Implementing Adaptive Loss Weights via Callback - tf.compat.v1 #1085

PhilippBrendel · 2022-12-10T13:01:41Z

Hi everyone,

I've read in other Issues (e.g. #215 and #908) that adaptive Loss-Weights are not high-priority for DeepXDE, but I still want to test some approaches for that, as I see quite some potential for my current use-case.
However, implementing this via a Callback like the following does not really work for me so far (cf. Error-message below).

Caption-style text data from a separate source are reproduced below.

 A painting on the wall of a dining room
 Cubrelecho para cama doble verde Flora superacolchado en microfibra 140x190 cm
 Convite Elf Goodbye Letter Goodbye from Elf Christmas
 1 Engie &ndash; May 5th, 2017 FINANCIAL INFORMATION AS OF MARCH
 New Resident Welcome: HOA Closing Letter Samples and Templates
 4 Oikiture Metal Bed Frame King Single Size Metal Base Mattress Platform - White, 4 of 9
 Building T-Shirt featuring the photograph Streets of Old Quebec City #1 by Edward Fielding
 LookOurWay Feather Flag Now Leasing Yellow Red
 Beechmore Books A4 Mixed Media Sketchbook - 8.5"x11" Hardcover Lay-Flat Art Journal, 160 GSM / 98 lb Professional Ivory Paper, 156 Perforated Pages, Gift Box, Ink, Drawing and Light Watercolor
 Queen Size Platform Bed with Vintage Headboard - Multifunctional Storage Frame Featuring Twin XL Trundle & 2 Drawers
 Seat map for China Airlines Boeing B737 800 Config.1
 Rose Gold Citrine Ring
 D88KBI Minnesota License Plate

class LossWeightCallback(dde.callbacks.Callback):
    def __init__(self, model):
        super().__init__()
        self.model = model

    def on_epoch_end(self):
        ....
        self.model.compile("adam", lr=1e-3, decay=None,
                                       loss_weights=[1,1,1,1])

Click for Error Message

Training model...

Step      Train loss                                  Test loss                                   Test metric
0         [9.15e+04, 2.41e+00, 1.07e-07, 2.08e-06]    [3.41e+04, 9.30e-01, 0.00e+00, 0.00e+00]    []
Compiling model...
'compile' took 9.111588 s

Traceback (most recent call last):
  File "D:\Anaconda3\envs\deepxde_tf24\lib\site-packages\tensorflow\python\client\session.py", line 1375, in _do_call
    return fn(*args)
  File "D:\Anaconda3\envs\deepxde_tf24\lib\site-packages\tensorflow\python\client\session.py", line 1359, in _run_fn
    return self._call_tf_sessionrun(options, feed_dict, fetch_list,
  File "D:\Anaconda3\envs\deepxde_tf24\lib\site-packages\tensorflow\python\client\session.py", line 1451, in _call_tf_sessionrun
    return tf_session.TF_SessionRun_wrapper(self._session, options, feed_dict,
tensorflow.python.framework.errors_impl.FailedPreconditionError: Attempting to use uninitialized value beta1_power_1
         [[{{node beta1_power_1/read}}]]

During handling of the above exception, another exception occurred:

Traceback (most recent call last):
  File "maxwell_quasistatic.py", line 1689, in <module>
    pinn.train()
  File "maxwell_quasistatic.py", line 1282, in train
    loss_hist, train_state = self.model.train(
  File "D:\Anaconda3\envs\deepxde_tf24\lib\site-packages\deepxde\utils\internal.py", line 22, in wrapper
    result = f(*args, **kwargs)
  File "D:\Anaconda3\envs\deepxde_tf24\lib\site-packages\deepxde\model.py", line 589, in train
    self._train_sgd(iterations, display_every)
  File "D:\Anaconda3\envs\deepxde_tf24\lib\site-packages\deepxde\model.py", line 606, in _train_sgd
    self._train_step(
  File "D:\Anaconda3\envs\deepxde_tf24\lib\site-packages\deepxde\model.py", line 505, in _train_step
    self.sess.run(self.train_step, feed_dict=feed_dict)
  File "D:\Anaconda3\envs\deepxde_tf24\lib\site-packages\tensorflow\python\client\session.py", line 967, in run
    result = self._run(None, fetches, feed_dict, options_ptr,
  File "D:\Anaconda3\envs\deepxde_tf24\lib\site-packages\tensorflow\python\client\session.py", line 1190, in _run
    results = self._do_run(handle, final_targets, final_fetches,
  File "D:\Anaconda3\envs\deepxde_tf24\lib\site-packages\tensorflow\python\client\session.py", line 1368, in _do_run
    return self._do_call(_run_fn, feeds, fetches, targets, options,
  File "D:\Anaconda3\envs\deepxde_tf24\lib\site-packages\tensorflow\python\client\session.py", line 1394, in _do_call
    raise type(e)(node_def, op, message)
tensorflow.python.framework.errors_impl.FailedPreconditionError: Attempting to use uninitialized value beta1_power_1
         [[node beta1_power_1/read (defined at D:\Anaconda3\envs\deepxde_tf24\lib\site-packages\deepxde\optimizers\tensorflow_compat_v1\optimizers.py:58) ]]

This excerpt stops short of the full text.